[Image-text web data]
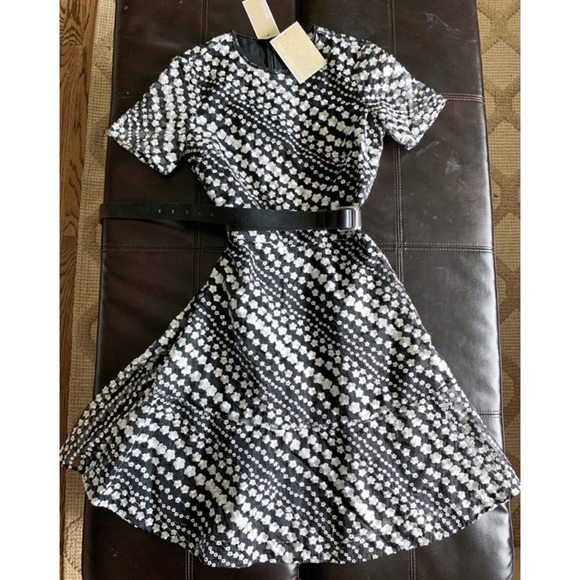 NWT Michael Michael Kors Embroiled Floral Dress Classic Black White 0 - Picture 4 of 8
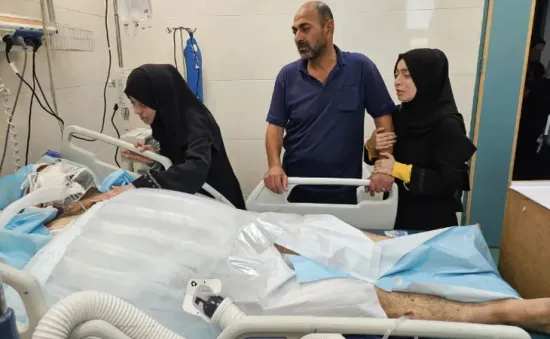 Nữ bác sĩ mất 9 người con trong cuộc không kích ở Dải Gaza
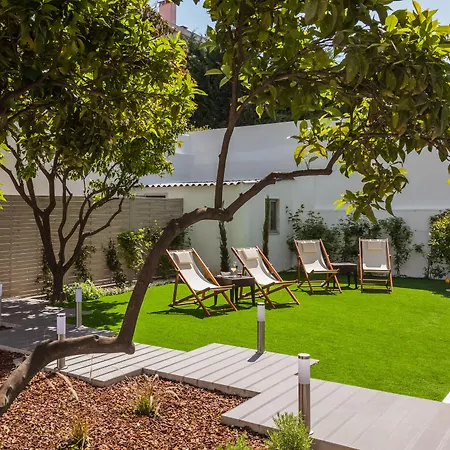 Vila Garden Guesthouse-3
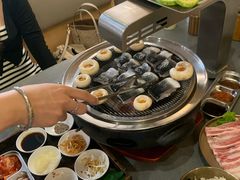 -围炉肉舍•炭烤活鳗•丹东海鲜烤肉(步行街店)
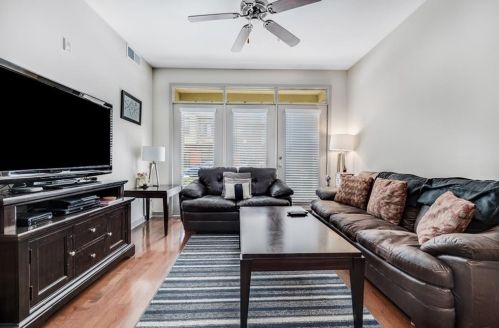 390 17th St, Atlanta GA  30363-2000 exterior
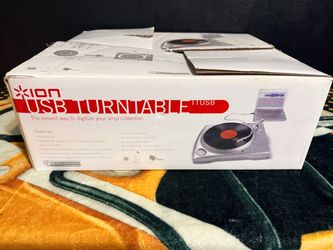 Ion Audio iTTUSB MP3 Record Turntable.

PROBLEM DETAILS: Quote every line of the records above exactly; no picture is to be copied.

REPLY:
 NWT Michael Michael Kors Embroiled Floral Dress Classic Black White 0 - Picture 4 of 8
 Nữ bác sĩ mất 9 người con trong cuộc không kích ở Dải Gaza
 Vila Garden Guesthouse-3
 -围炉肉舍•炭烤活鳗•丹东海鲜烤肉(步行街店)
 390 17th St, Atlanta GA  30363-2000 exterior
 Ion Audio iTTUSB MP3 Record Turntable.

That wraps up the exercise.